Após o advogado, tentar em todas as instâncias reverter a punição que poderiam ser usados para diminuir os dias na prisão do cliente e ter o recurso negado partiram para a última instância.

Superior Tribunal Federal, que manteve a decisão dada anteriormente de retirar o benefício de redução de um terço de dias da pena. 

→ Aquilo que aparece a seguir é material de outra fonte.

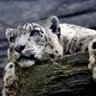 Profilbild von HornSnep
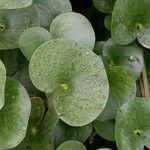 Heteranthera reniformis Leaf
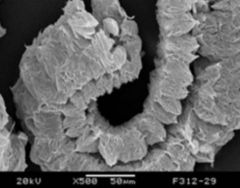 膨胀石墨的图片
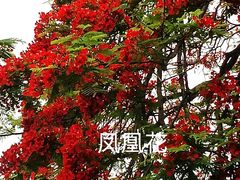 -东山湖公园
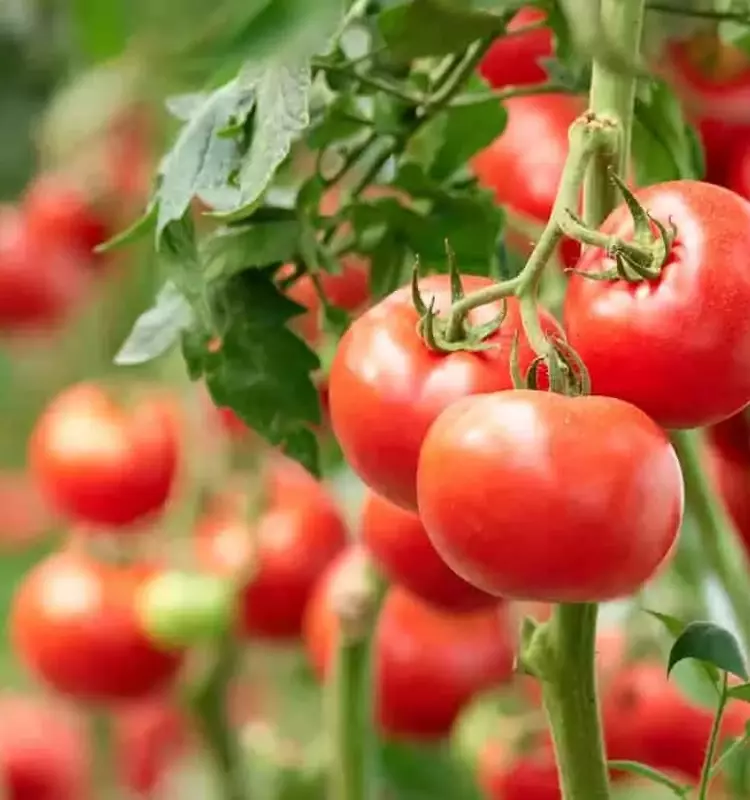 Estrategias para Combatir el Tizón Tardío en Tomates: Prevención y Tratamiento
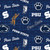COLLEGE JERSEY KNIT PENN STATE 1401 POLY/SPAN 58"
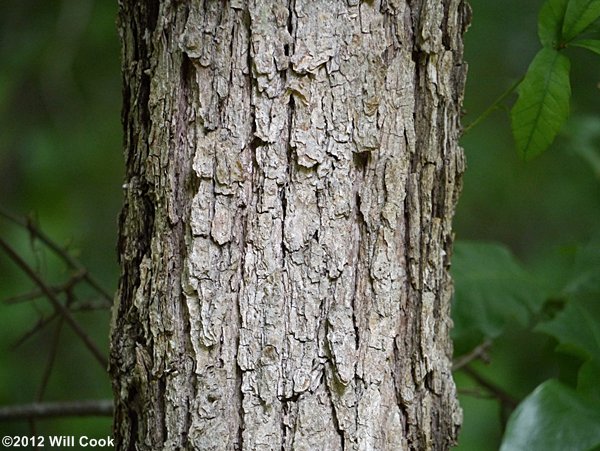 <p>Name this tree (scientific + common name)</p>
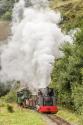 Threlkeld Quarry Steam Gala 2016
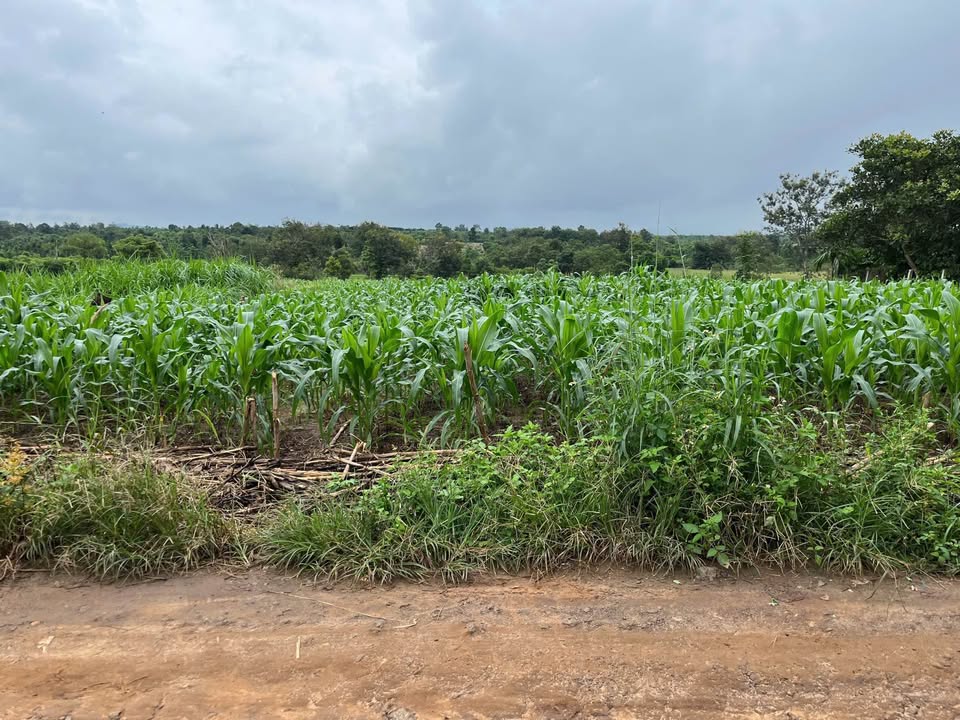 Đất nền xã Ea Tiêu, Cư Kuin 140m² giá 375 triệu - Cơ hội đầu tư hấp dẫn!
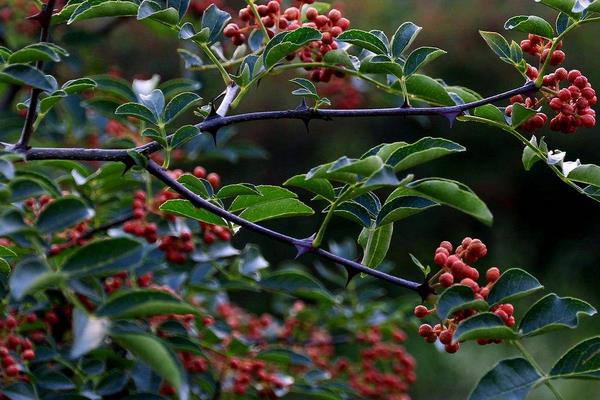 花椒树几年结果?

Além disso, com relação às questões de anulação levantadas pela defesa, o ministro Gilmar Mendes, entendeu a sentença está devidamente justificada, a defesa foi notificada conforme prevê a lei, ainda assim não apresentou resposta. 

"Quanto às nulidades aventadas, o aresto combatido asseverou que o decisão está suficientemente fundamentado, a defesa foi regularmente intimada e quedou-se inerte,
salientando que foram garantidos contraditório e ampla defesa, inexistindo o cerceamento alegado".

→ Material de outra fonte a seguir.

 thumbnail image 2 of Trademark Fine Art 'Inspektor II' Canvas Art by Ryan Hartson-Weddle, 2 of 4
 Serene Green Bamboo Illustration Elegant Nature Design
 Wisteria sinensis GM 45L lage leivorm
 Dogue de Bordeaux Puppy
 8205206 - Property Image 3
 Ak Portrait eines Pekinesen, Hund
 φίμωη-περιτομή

"Por fim, não há que se falar em regressão de regime, tendo em vista que o apenado encontrava-se em regime fechado e nele permaneceu após a homologação da falta grave. Sua colocação em isolamento por determinado período de tempo pela administração penitenciária não configura regressão definitiva para justificar a necessidade de oitiva judicial", proferiu o ministro.

Entenda

Em setembro de 2018, Marcinho VP e mais 11 detentos espancaram um custodiado durante o banho de sol, na Penitenciária Federal de Catanduvas, no Paraná.

Pelo ocorrido foi instaurado um processo administrativo disciplinar em que ele e os outros detentos foram punidos com perda de dias que poderiam ser revertidos para diminuir o tempo na prisão.

Com o episódio de agressão, a Justiça entendeu que um terço dos dias que haviam sido reduzidos foram retirados.

 Márcio dos Santos Nepomuceno foi condenado a mais de 50 anos de prisão. 

No dia 3 de maio, a defesa foi até a última instância e entrou com pedido de anulação da decisão da punição no STF, após ter sido negado no Tribunal Regional Federal da 4ª Região (TRF-4). 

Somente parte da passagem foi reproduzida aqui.